Created on 08-24-2018 02:36 AM - edited 09-16-2022 06:37 AM
Hi,
We have to implement a solution to download yarn application logs from a remote cluster machine, the credentials to which are not exposed to us. Is there a way to download logs from that cluster for a given application, considering we cannot install yarn client on our current machine, hence we cannot use "yarn logs -applicationId <appId>" command.
Also I noticed the logs being stored in hdfs under remote app logs dir, but they seem to be of some other format(have some weird characters in between words like ^@^D). Will fetching those files be the correct way to get the application logs. If there is a different way please let me know. Thanks in advance.
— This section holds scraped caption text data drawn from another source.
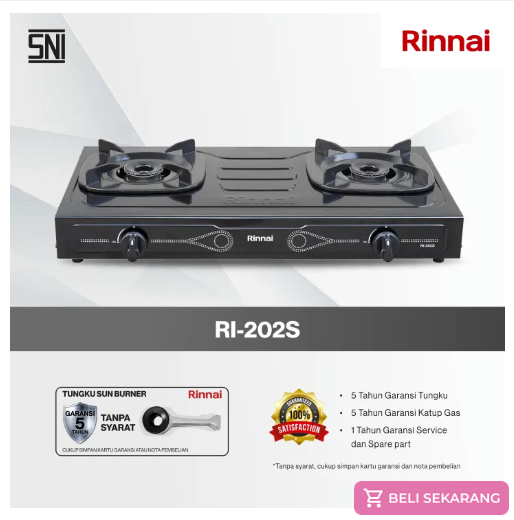 Produk Lazada Kompor Gas Rinnai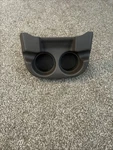 2000-2004 Ford Excursion Center Console Front Cup Holder Grey. Fixed Price $25.00.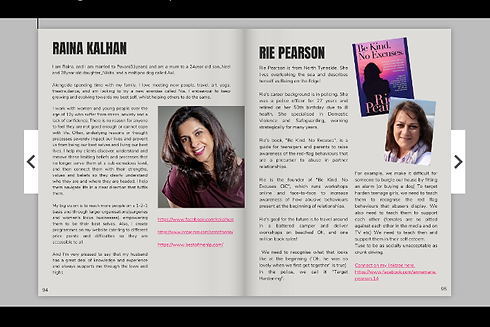 Rickmansworth BestOfMeNLP featured in the ROAR magazine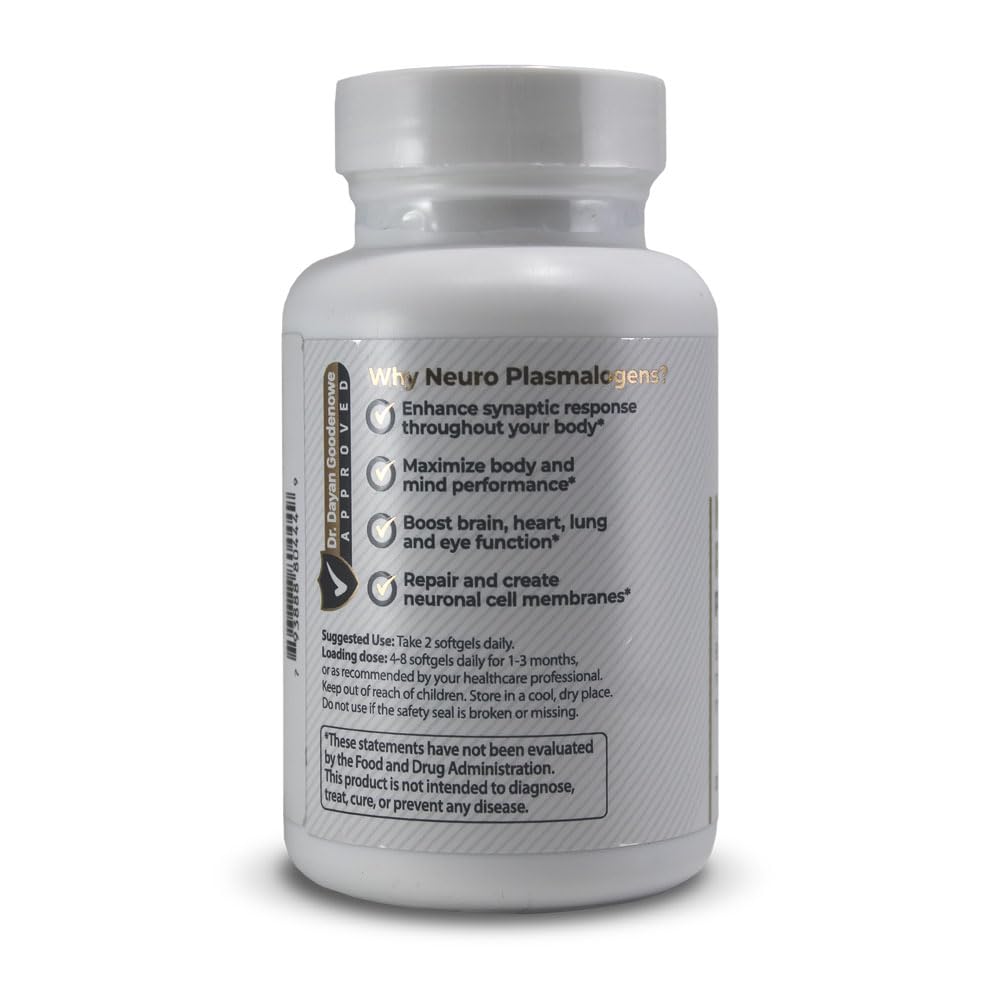 ProdromeNeuro Supplement (60 Softgels) – Cognitive Support & Brain Health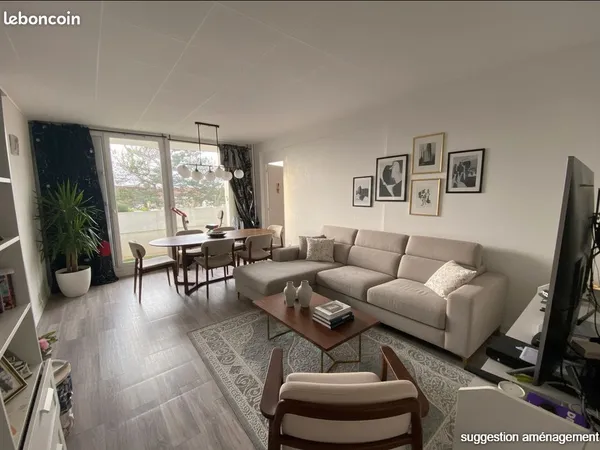 Appartement 4 pièces 78 m² 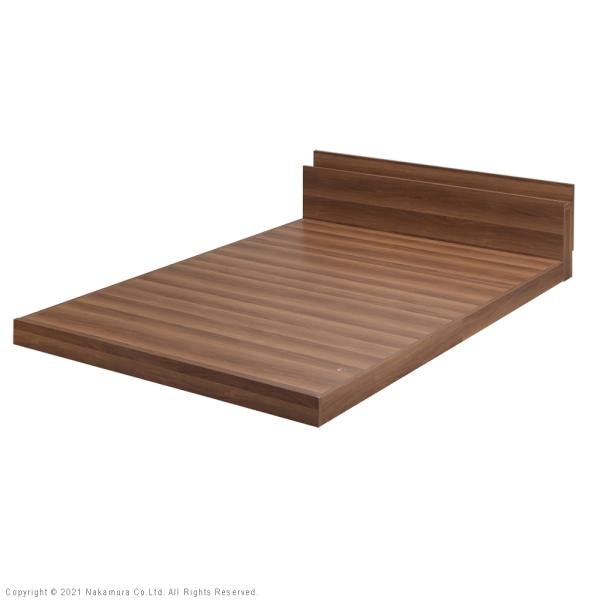 ベッドフレーム 単品 フレームのみ ダブル 連結 可能 接続 繋げられる 棚 ヘッドボード コンセント 2口 北欧 ナチュラル 木目 おしゃれ マットレス別売 布団別売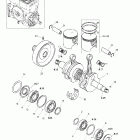 Sportster, 5614 Коленвал и поршни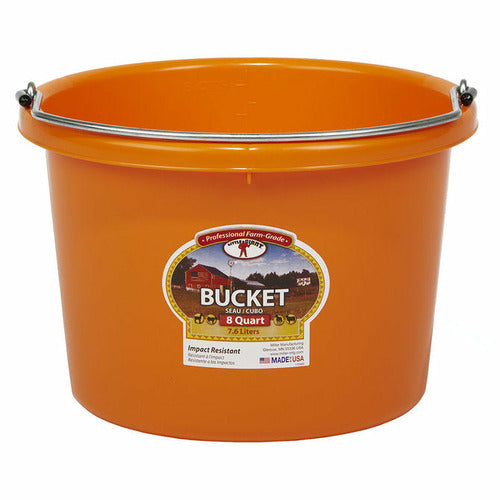 8 Quart Round Pail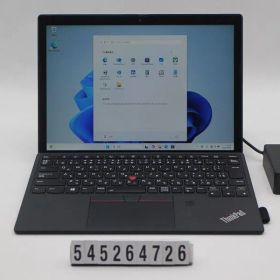 Lenovo ThinkPad X12 Detachable Gen1 Core i5 1130G7 1.1GHz/16GB/256GB(SSD)/12.3/WUXGA+(1920x1280) タッチパネル/Win11 【545264726】
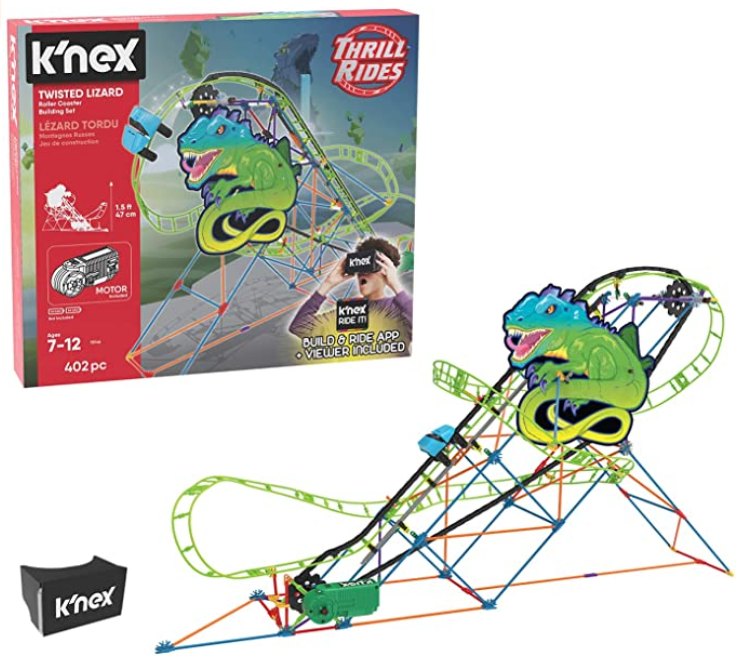 K'NEX Thrill Rides – Twisted Lizard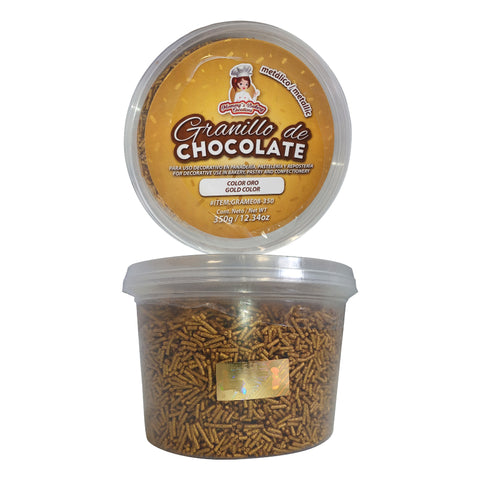 Granillo de Chocolate 12.34 oz  (350 gr) (Chocolat Sprinkles)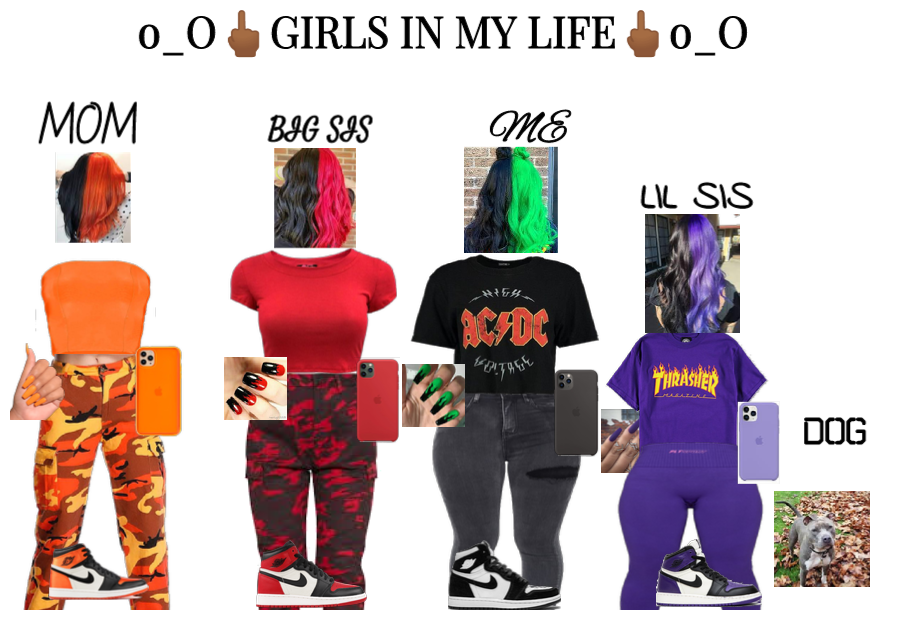 o_O🖕🏾THE GIRLS IN MY LIFE🖕🏾o_O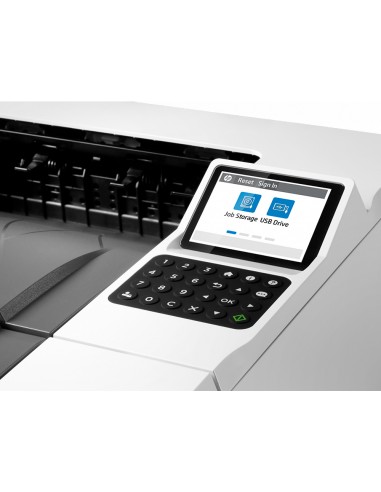 Impressora hp laserjet enterprise...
Created 08-24-2018 06:14 AM
Probably it is possible to write a script in python or in bash via curl which will access the JobHistory server URL given the fact you know the application_id, you will collect all the NodeManagers and Container IDs plus you collect the Application Manager container's log.
https://<jobhistory>:19890/jobhistory/logs/<nodemanagerN>:8041/<Container ID>/<Attempt ID>/hive/syslog?start=0
But if you are using Kerberos, you have probably secured those endpoints, so you have to authenticate.
Created 08-24-2018 06:32 AM
Created 01-29-2019 11:53 PM
Could you please explain how to fetch containerIds and node Info which is required by history server without timeline server.